Given information below:

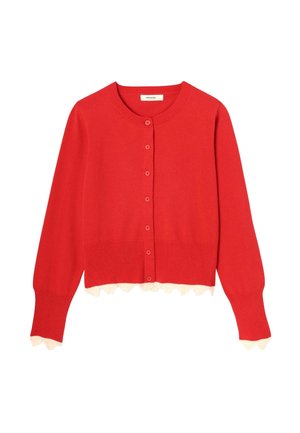 Cardigan rouge à manches longues avec boutons, col rond et bordure en dentelle blanche festonnée sur l'ourlet et les poignets.
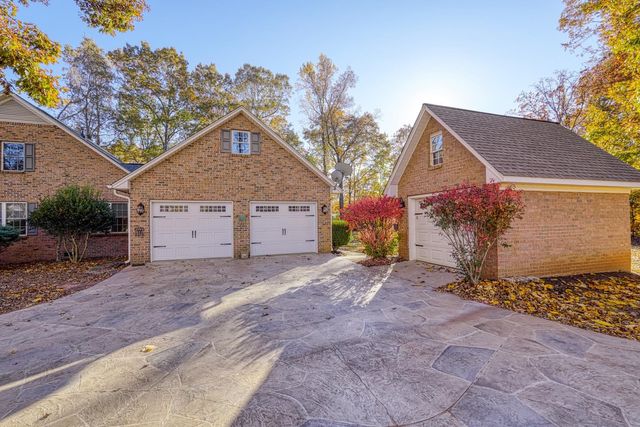 316 Whitfield Lane, Boiling Springs, SC 29316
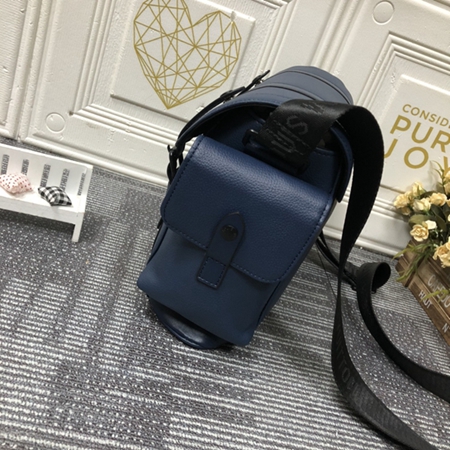 ルイヴィトンバッグ背面デザイン
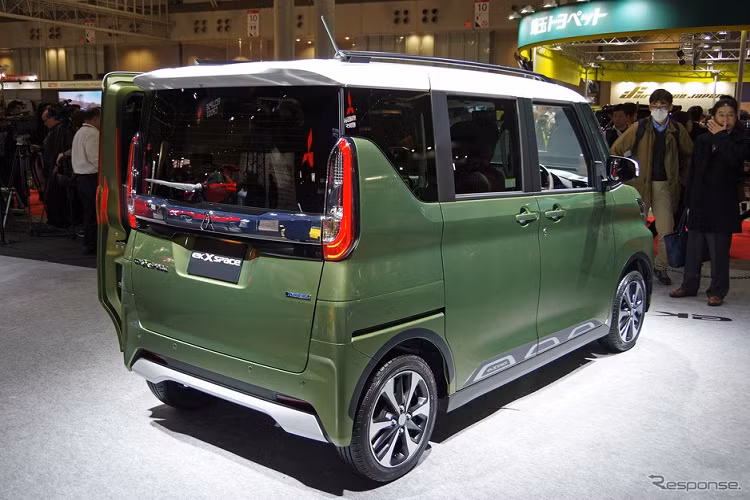 Mitsubishi eK X Space 2020 mới được thiết kế theo chủ đề "Smiles &amp; Freestyle", mang đến không gian nội thất rộng rãi cũng như không gian thoải mái cho người sử dụng. Trong đó, thu hút sự chú ý hơn cả là Mitsubishi eK X Space 2020 với thiết kế ngoại thất gợi liên tưởng đến mẫu MPV giá rẻ Xpander hiện đang rất được ưa chuộng tại Việt Nam.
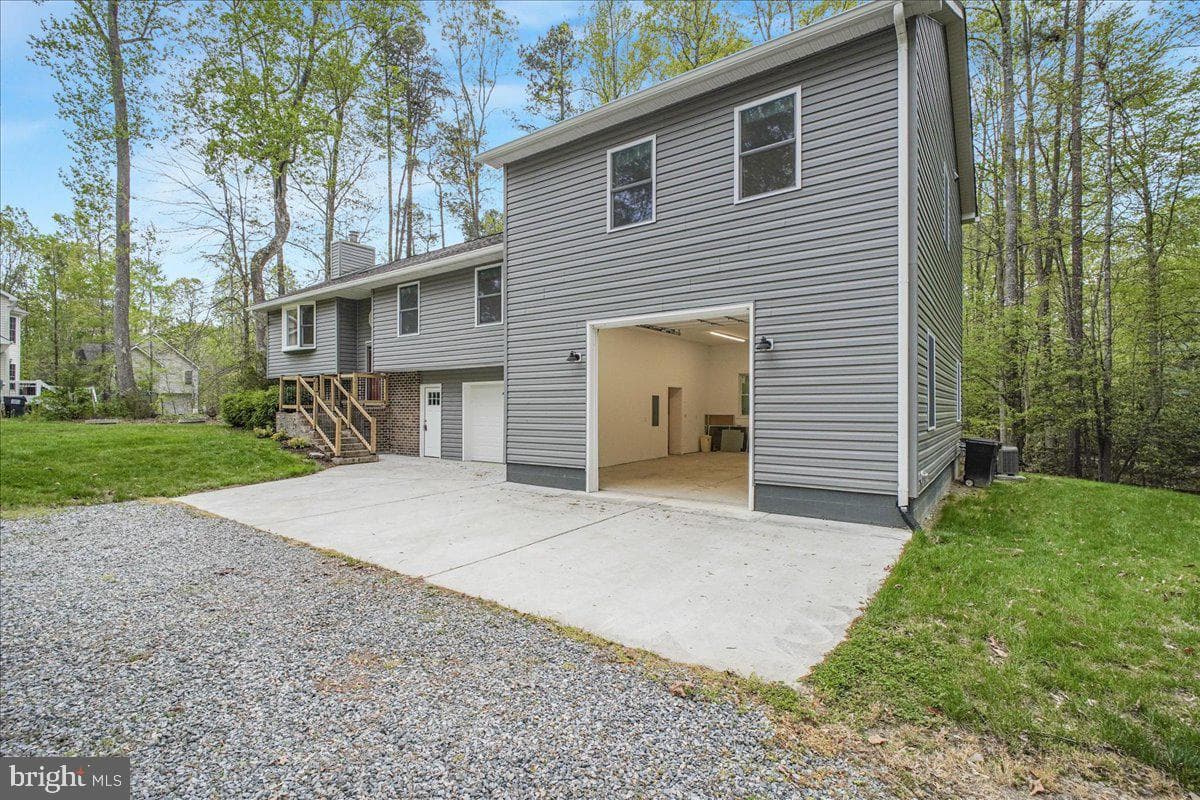10464 Eisenhower Drive photo 45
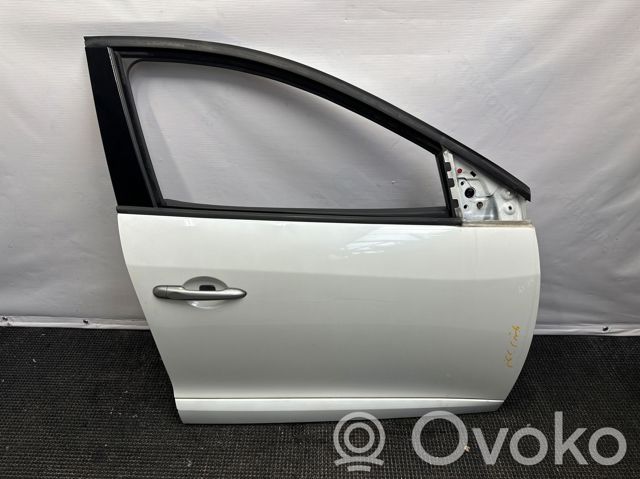 Дверка передня права 801006560R RENAULT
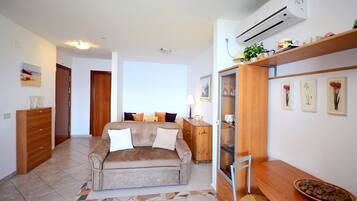 Apartment (A4) | Living room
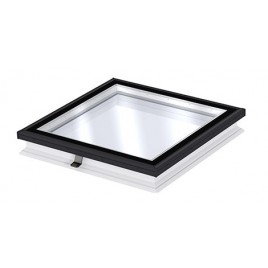 Fixed flat roof window with smooth glass dome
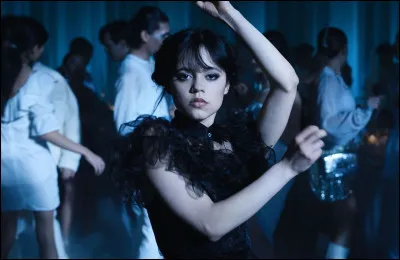 Je suis le paria qui est tombé amoureux de l'héroïne, mais elle préfère ce monstre sans aucune valeur. J'ai été blessé par sa méfiance, mais aussi par son rejet. Je me suis montré horrible et lâche avec elle, cependant j'ai fini par gagner en maturité et l'ai protégée lors d'une bataille. Je suis un artiste maussade, et je ne serai pas de retour à Nevermore l'année prochaine.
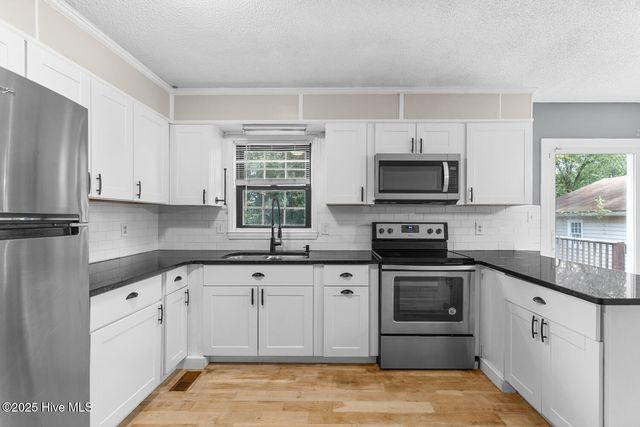 104 Maiden Lane, Jacksonville, NC 28546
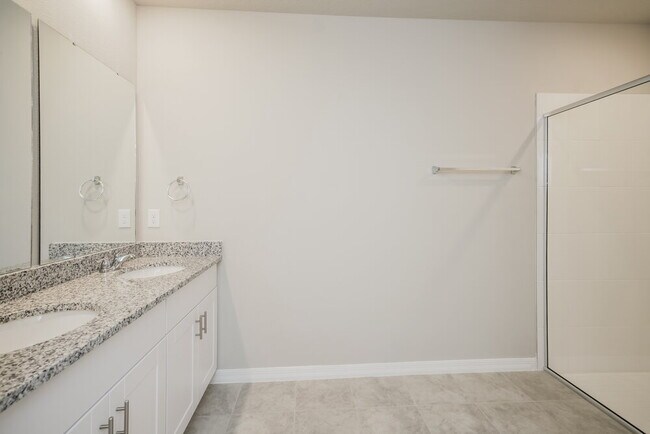 Building Photo - 588 Sun Warbler Wy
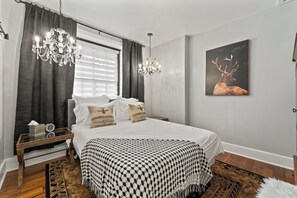 2 quartos, ferros/tábuas de passar roupa, Wi-Fi de cortesia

End of Given information.

Exercise objective: Without the pictures, transcribe the listing exactly as it stands.

Task output:
 Cardigan rouge à manches longues avec boutons, col rond et bordure en dentelle blanche festonnée sur l'ourlet et les poignets.
 316 Whitfield Lane, Boiling Springs, SC 29316
 ルイヴィトンバッグ背面デザイン
 Mitsubishi eK X Space 2020 mới được thiết kế theo chủ đề "Smiles &amp; Freestyle", mang đến không gian nội thất rộng rãi cũng như không gian thoải mái cho người sử dụng. Trong đó, thu hút sự chú ý hơn cả là Mitsubishi eK X Space 2020 với thiết kế ngoại thất gợi liên tưởng đến mẫu MPV giá rẻ Xpander hiện đang rất được ưa chuộng tại Việt Nam.
10464 Eisenhower Drive photo 45
 Дверка передня права 801006560R RENAULT
 Apartment (A4) | Living room
 Fixed flat roof window with smooth glass dome
 Je suis le paria qui est tombé amoureux de l'héroïne, mais elle préfère ce monstre sans aucune valeur. J'ai été blessé par sa méfiance, mais aussi par son rejet. Je me suis montré horrible et lâche avec elle, cependant j'ai fini par gagner en maturité et l'ai protégée lors d'une bataille. Je suis un artiste maussade, et je ne serai pas de retour à Nevermore l'année prochaine.
 104 Maiden Lane, Jacksonville, NC 28546
 Building Photo - 588 Sun Warbler Wy
 2 quartos, ferros/tábuas de passar roupa, Wi-Fi de cortesia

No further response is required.